Additionally, capitalism not only exploits people, but it exploits nature and has negative effects on the environment. Capitalism’s ability to prosper relies on using nature “as an ‘inexhaustible’ supply of resources to produce commodities or as a waste dump.” Therefore, the greater amounts of consumption and production, the greater natural resources are being used. Additionally, increased production means movement of products as well and both can contribute to the release of greenhouse gas emission which contributes to climate change. The commercialized Christmas that is portrayed today, encourages this increased capitalistic consumption in the form of copious gift-giving without considering how unsustainable it can be and the way it negatively impacts the environment. 

Another argument against the commercialization of Christmas is the way it has shifted the original Christian holiday traditions. Now, the holiday is not centered only on religion and has become a cultural phenomenon, but it has very different origins from the holiday we know today. “For thousands of years, humans celebrated the winter solstice and the Christmas holiday with meaningful traditions that included prayer, and rituals from special fires to honoring plants for fertility” and “Hysterical shopping was not a part of any of these celebrations.” Another shift in the holiday that contributes to the capitalist nature is the use of Santa Clause as a marketing tool with the familiar image of him today being created by Coca-Cola. Because of this, there are many people of various beliefs who do not wish to celebrate the holiday in a commercialized way and have forgone “the Santa and gift-giving aspects of the holiday while fully embracing that which they do believe in — almost universally the time spent sharing food and drinks with loved ones.”  Through this, they are able to celebrate without contributing greatly to the capitalistic aspects. 

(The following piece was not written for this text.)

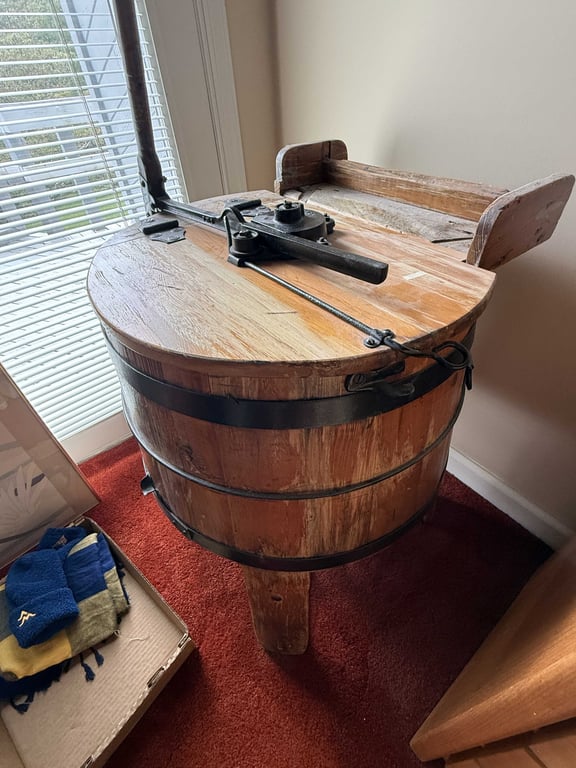 1900'S WOODEN BARREL HAND-CRANK WASHNG MACHINE - Image 2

I know Christmas is an important holiday for many and it is every individual’s personal decision on how they choose to celebrate. However, if you’ve ever felt the negative effects of capitalism or are empathetic to those who have, it might be beneficial to think about how you can contribute to a less capitalist-driven Christmas. Gift giving is a fun significant part of the holiday and there are ways you can still participate without greatly contributing to capitalism and without hurting your pockets. Generally, your loved ones will appreciate whatever you give them so whether it be an act of service, such as doing someone’s nails or spending quality time together such as taking someone to their favorite park for the day these can be a great way to give back to the ones you love this holiday season. If you’re crafty, handmade gifts are a great alternative as well, especially when you already have the supplies. Don’t be afraid to get creative and we can all try to be a little more ethical or sustainable with our gift-giving this year!